Currently, when a significant corporate event – such as bankruptcy or an acquisition – occurs at a public company, the company must disclose that significant event to the Securities and Exchange Commission (SEC) and the public by filing a Form 8-K within four days of the event. During this four-day window, executives at the company know about the significant event, but other investors, and the public, do not. The lawmakers’ 8-K Trading Gap Act would close this gap by requiring public companies to establish policies to prohibit insiders from making trades during this four-day period.
“Corporate executives shouldn’t be allowed to trade on significant information ahead of the public and investors, but that’s exactly what’s happening because of this legal loophole,” said Rep. Maloney. “The 8-K Trading Gap Act has a very simple solution to this problem: prohibit executives from trading during the four-day gap between when an event happens and when the company publicly files a Form 8-K to alert the public and shareholders of the event. Given the broad bipartisan support for this bill last year in the House, I’m hopeful that we will be able to enact this commonsense law this Congress.”

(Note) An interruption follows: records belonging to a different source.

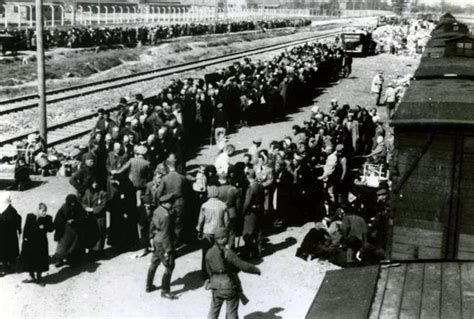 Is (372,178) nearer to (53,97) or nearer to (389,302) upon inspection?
(389,302)

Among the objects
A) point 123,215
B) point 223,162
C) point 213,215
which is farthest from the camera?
point 223,162

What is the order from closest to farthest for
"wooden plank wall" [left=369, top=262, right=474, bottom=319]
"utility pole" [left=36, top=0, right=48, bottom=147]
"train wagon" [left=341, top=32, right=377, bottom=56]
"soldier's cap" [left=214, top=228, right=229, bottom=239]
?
"wooden plank wall" [left=369, top=262, right=474, bottom=319], "soldier's cap" [left=214, top=228, right=229, bottom=239], "utility pole" [left=36, top=0, right=48, bottom=147], "train wagon" [left=341, top=32, right=377, bottom=56]

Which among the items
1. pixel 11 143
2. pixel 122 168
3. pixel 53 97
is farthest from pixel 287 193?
pixel 53 97

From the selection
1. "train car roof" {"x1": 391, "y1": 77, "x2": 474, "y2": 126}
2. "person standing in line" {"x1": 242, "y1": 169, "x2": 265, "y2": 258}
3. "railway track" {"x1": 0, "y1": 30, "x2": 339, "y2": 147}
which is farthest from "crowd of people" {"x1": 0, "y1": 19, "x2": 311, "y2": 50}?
"train car roof" {"x1": 391, "y1": 77, "x2": 474, "y2": 126}

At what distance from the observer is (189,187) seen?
10.4m

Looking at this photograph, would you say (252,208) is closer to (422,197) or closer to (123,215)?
(123,215)

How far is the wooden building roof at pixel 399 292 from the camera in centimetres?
559

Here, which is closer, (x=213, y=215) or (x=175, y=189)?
(x=213, y=215)

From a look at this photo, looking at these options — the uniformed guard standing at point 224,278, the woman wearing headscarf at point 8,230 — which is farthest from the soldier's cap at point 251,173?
the woman wearing headscarf at point 8,230

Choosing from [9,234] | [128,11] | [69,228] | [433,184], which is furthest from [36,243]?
[128,11]

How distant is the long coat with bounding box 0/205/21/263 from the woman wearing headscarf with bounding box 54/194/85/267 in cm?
60

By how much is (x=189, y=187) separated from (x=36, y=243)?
8.62ft

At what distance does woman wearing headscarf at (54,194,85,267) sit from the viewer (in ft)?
31.7

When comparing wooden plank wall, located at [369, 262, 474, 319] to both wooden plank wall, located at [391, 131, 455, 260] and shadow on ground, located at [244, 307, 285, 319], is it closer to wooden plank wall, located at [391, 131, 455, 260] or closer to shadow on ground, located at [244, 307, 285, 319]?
wooden plank wall, located at [391, 131, 455, 260] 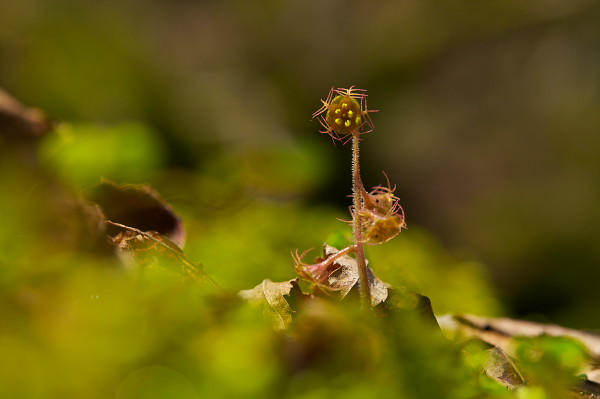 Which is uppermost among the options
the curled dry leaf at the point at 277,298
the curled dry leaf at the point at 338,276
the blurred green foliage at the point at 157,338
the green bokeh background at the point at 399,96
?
the green bokeh background at the point at 399,96

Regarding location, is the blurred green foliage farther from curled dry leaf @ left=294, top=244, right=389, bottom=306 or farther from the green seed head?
the green seed head

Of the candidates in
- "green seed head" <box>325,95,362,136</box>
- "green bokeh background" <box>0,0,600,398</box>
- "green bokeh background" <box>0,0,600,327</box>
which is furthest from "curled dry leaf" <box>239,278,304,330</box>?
"green bokeh background" <box>0,0,600,327</box>

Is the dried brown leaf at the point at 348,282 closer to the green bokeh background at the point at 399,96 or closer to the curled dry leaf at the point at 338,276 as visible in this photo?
the curled dry leaf at the point at 338,276

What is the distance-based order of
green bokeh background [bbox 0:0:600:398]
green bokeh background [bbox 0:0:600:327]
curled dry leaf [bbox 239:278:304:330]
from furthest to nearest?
1. green bokeh background [bbox 0:0:600:327]
2. green bokeh background [bbox 0:0:600:398]
3. curled dry leaf [bbox 239:278:304:330]

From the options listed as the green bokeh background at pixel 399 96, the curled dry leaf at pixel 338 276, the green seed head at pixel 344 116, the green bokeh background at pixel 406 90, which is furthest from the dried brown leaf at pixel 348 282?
the green bokeh background at pixel 406 90

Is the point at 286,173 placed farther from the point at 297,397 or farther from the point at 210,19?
the point at 210,19

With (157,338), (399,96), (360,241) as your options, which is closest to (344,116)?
(360,241)

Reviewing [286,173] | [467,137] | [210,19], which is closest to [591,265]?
[467,137]

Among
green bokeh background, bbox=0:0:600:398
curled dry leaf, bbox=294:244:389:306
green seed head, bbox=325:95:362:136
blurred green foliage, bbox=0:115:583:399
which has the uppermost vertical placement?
green bokeh background, bbox=0:0:600:398

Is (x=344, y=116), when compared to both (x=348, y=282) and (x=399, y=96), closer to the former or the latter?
(x=348, y=282) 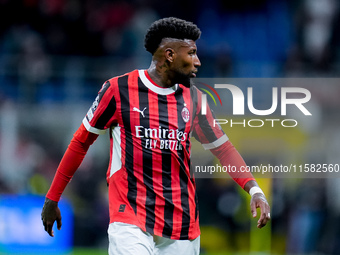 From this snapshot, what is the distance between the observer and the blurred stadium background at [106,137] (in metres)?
8.82

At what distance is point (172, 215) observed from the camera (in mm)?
3752

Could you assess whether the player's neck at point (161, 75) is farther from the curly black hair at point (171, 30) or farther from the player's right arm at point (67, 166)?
the player's right arm at point (67, 166)

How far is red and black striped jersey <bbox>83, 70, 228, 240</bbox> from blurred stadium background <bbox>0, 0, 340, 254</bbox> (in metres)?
3.76

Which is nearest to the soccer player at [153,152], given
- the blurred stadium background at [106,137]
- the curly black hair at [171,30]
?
the curly black hair at [171,30]

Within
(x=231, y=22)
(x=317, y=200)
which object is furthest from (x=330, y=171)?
(x=231, y=22)

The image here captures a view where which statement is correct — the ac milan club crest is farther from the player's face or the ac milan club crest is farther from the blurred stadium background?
the blurred stadium background

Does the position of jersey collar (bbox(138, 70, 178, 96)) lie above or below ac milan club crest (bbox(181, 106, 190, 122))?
above

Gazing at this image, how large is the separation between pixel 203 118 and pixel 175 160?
1.31 ft

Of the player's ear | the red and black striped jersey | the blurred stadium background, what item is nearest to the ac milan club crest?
the red and black striped jersey

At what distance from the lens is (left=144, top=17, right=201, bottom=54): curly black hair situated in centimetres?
384

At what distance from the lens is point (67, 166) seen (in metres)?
3.89

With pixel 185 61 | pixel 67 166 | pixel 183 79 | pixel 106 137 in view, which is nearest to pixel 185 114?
pixel 183 79

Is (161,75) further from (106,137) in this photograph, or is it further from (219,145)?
(106,137)

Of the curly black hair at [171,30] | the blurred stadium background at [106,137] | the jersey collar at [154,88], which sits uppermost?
the curly black hair at [171,30] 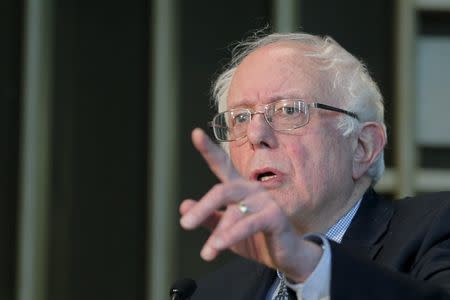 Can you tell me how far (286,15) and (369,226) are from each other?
3086 millimetres

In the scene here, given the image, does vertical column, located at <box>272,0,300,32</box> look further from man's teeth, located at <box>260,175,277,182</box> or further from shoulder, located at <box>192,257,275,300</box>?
man's teeth, located at <box>260,175,277,182</box>

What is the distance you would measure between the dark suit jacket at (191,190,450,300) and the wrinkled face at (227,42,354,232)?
0.12 m

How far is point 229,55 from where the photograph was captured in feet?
18.7

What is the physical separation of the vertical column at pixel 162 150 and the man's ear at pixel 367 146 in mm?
2470

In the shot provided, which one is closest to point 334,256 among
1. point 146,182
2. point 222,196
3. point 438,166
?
point 222,196

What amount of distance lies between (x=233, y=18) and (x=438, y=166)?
1.58 m

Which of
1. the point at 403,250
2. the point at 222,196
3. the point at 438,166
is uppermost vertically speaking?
the point at 222,196

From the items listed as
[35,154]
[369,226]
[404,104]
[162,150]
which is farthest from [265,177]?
[404,104]

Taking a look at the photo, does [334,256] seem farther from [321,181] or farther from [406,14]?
[406,14]

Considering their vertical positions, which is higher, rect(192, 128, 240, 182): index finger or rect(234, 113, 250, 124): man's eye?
rect(192, 128, 240, 182): index finger

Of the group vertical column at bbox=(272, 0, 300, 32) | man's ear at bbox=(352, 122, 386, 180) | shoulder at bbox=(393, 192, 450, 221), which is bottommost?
shoulder at bbox=(393, 192, 450, 221)

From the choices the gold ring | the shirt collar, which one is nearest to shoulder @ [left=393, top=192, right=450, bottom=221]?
the shirt collar

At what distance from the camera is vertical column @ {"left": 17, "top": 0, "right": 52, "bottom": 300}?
17.9ft

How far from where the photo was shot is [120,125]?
18.4 ft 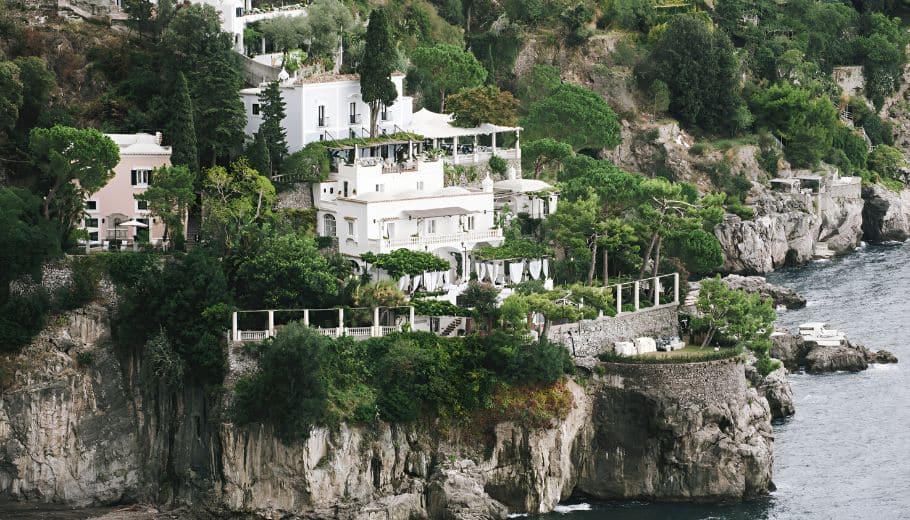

“Time and again we’ve seen corporate executives take advantage of the 8-K trading gap by selling off bundles of shares prior to a major announcement. It’s clear this gap gives corporate insiders a massive unfair advantage over the public,” said Senator Van Hollen. “Our legislation will close this harmful loophole and provide fairness to everyday shareholders. I’ll be working with my colleagues on the Banking, Housing, and Urban Affairs Committee to move this legislation at once.”
The 8-K Trading Gap Act would require public companies to put in place policies and procedures that are reasonably designed to prohibit officers and directors from trading company stock after the company has determined that a significant corporate event has occurred, but before the company has filed a Form 8-K with the SEC disclosing such event. This would prevent corporate insiders from inappropriately taking advantage of non-public information for their own personal gain.
The legislation passed the House last Congress with an overwhelmingly bipartisan vote of 384-7 and was unanimously reported out of the House Financial Services Committee.